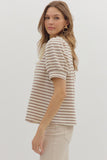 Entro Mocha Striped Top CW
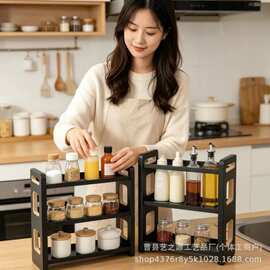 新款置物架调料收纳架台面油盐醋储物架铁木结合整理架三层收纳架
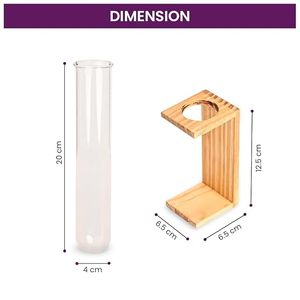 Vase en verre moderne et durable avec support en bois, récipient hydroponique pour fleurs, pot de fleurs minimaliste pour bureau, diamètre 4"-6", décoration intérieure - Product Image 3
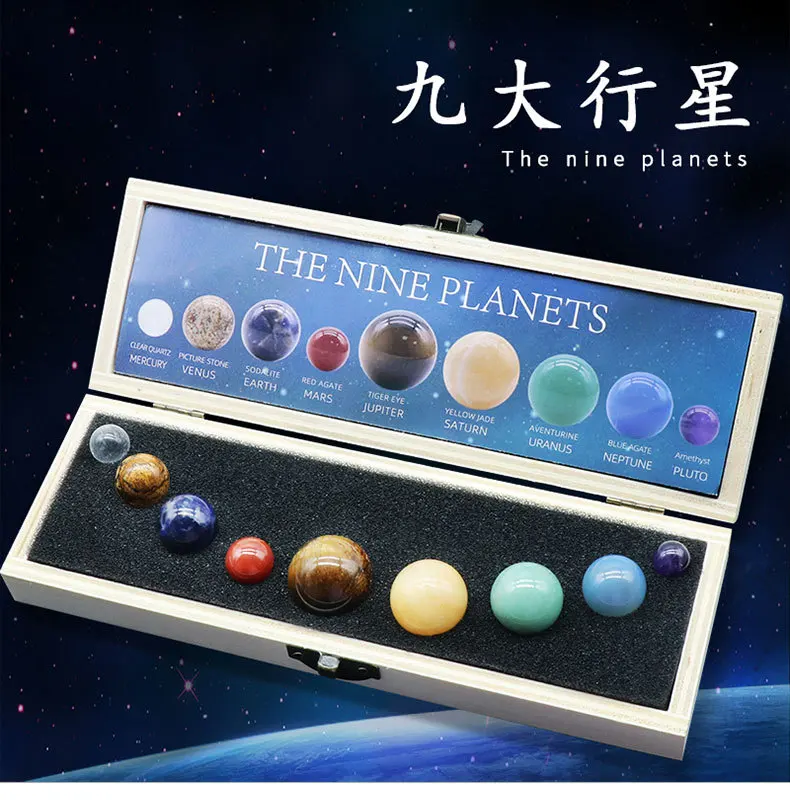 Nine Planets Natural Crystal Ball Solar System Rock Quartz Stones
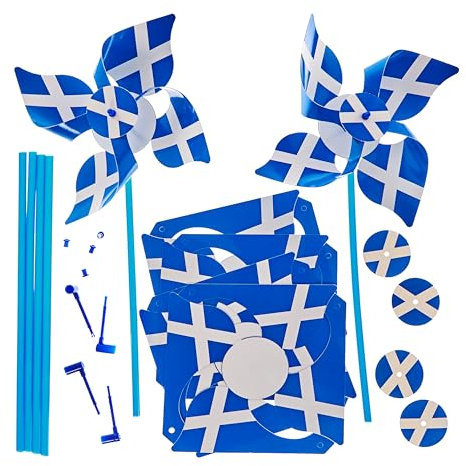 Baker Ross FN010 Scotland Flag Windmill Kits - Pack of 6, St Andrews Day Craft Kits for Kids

## [Work to be completed]
Retype only the lines from the line with "Nine Planets Natural" through the last line of the data. Keep both ends and skip the pictures.

## [Answer to the exercise]
 Nine Planets Natural Crystal Ball Solar System Rock Quartz Stones
 Baker Ross FN010 Scotland Flag Windmill Kits - Pack of 6, St Andrews Day Craft Kits for Kids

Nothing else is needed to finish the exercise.